Figura central na acusação da Procuradoria-Geral da República, que identifica Jair Bolsonaro como cabeça de uma tentativa de golpe, o tenente-coronel Mauro Cid tem se isolado ainda mais no Setor Militar Urbano, em Brasília.
Localizado a apenas nove quilômetros do Palácio do Planalto, onde trabalhou por quatro anos, o oficial mantém as janelas sempre fechadas para evitar ser fotografado e raramente sai de casa.
Vizinhos observaram que ele foi visto recentemente fazendo uma breve caminhada de menos de cinco minutos até um restaurante que vende marmitas. “Minha vida acabou“, disse Cid à Justiça em 22 de março de 2024.
O restaurante Costelita, frequentado principalmente por oficiais de alta patente, é onde Cid parece “abatido e arredio”. Ele não interage com ninguém, apenas pega as embalagens e volta para casa, que fica do outro lado da rua.
Em uma tarde de dezembro de 2024, um general estava por perto quando o ex-ajudante de ordens de Bolsonaro comprou duas quentinhas por R$ 45.
O general tentou cumprimentá-lo, mas sem sucesso; ele comentou que Cid estava “tão focado em entrar e sair rapidamente” que não notou a saudação.
Delação premiada e suas consequências
A delação premiada do tenente-coronel teve seu sigilo revogado pelo Supremo Tribunal Federal (STF) há dez dias, após o procurador-geral da República, Paulo Gonet, solicitar uma ação penal contra Bolsonaro, Cid e outras 32 pessoas por tentativa de golpe.
Um dos termos do acordo inclui o uso de tornozeleira eletrônica, o que explica por que Cid usa calças compridas nas raras vezes que sai. A defesa não respondeu aos contatos.
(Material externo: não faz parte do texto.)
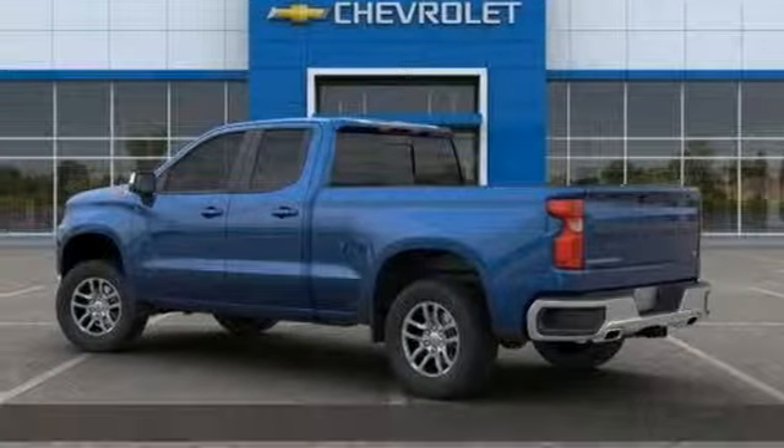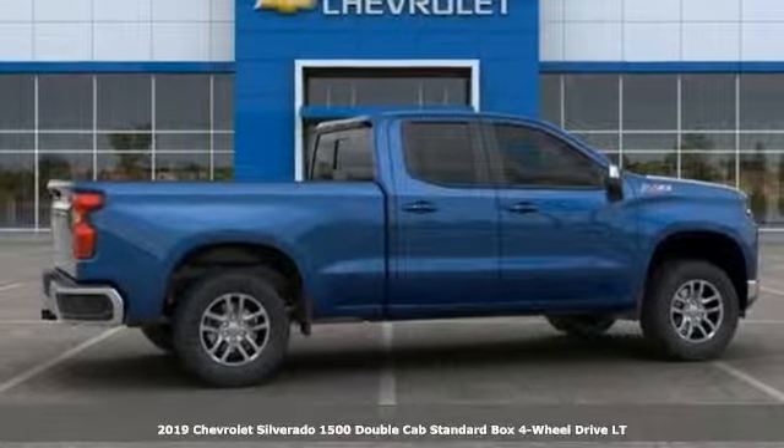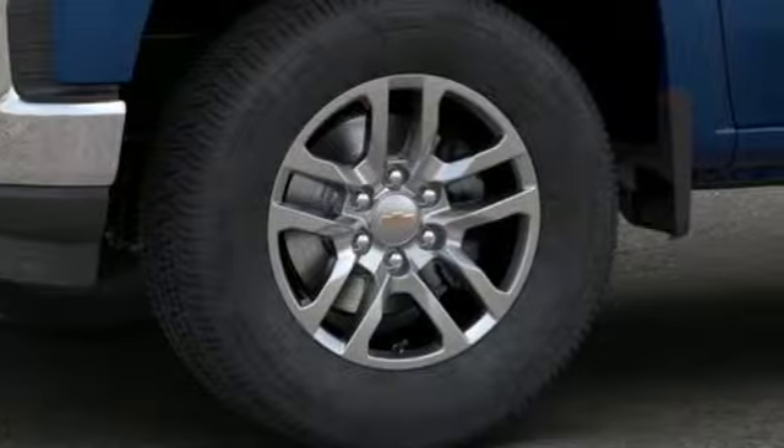It's a new 2019 Chevrolet Silverado 1500. There's more than a century of ingenuity and significance in every Chevy. It comes with great features you'll love.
Amigos próximos afirmam que o ex-ajudante de ordens “não confia mais em ninguém e está isolado”. Na segunda-feira, dois militares estavam encarregados da segurança da rua onde mora o tenente-coronel. Apenas veículos dos moradores e pedestres são permitidos, com 500 metros da via bloqueados por cones.
Um vizinho que costumava visitar Cid mencionou que ele se tornou gradualmente “paranoico”, desconfiando até mesmo de familiares e amigos próximos. Ele acredita que essas pessoas estão passando informações para a polícia e a imprensa.
Começou a usar rotas diferentes ao sair de casa suspeitando que seu carro é monitorado. Uma fonte próxima disse que ele sente ser “monitorado 24 horas por dia”.
A revelação da delação trouxe “alívio”, segundo outra fonte. O militar e seus advogados acreditam que as mensagens divulgadas reforçam a ideia de que ele era “apenas um executor de ordens e mensageiro”.
Além disso, Cid não precisa mais lidar com incertezas sobre o conteúdo das declarações. No entanto, se for processado, suas chances de promoção ao posto de coronel serão prejudicadas.
Cid enfrentou duas detenções: uma entre maio e setembro de 2023 e outra de março a maio de 2024. As investigações sobre o esquema golpista afetaram profundamente sua vida.
Mensagens recuperadas do seu celular abriram novas linhas para a investigação e, enquanto estava detido no Batalhão da Polícia do Exército em Brasília, ele assinou uma delação premiada homologada em setembro de 2023.
No dia 11 de novembro daquele ano, foi visto pela primeira vez após ser liberado. Questionado sobre sua rotina pelo jornal O GLOBO, respondeu brevemente: “Está tudo tranquilo.”
A calma foi breve; em março de 2024, a revista Veja divulgou áudios nos quais Cid criticava a atuação da Polícia Federal e do ministro Alexandre de Moraes, relator da investigação no STF. Ele foi detido novamente. A defesa argumentou que as gravações eram apenas um “desabafo”. Dois meses depois, ele foi liberado.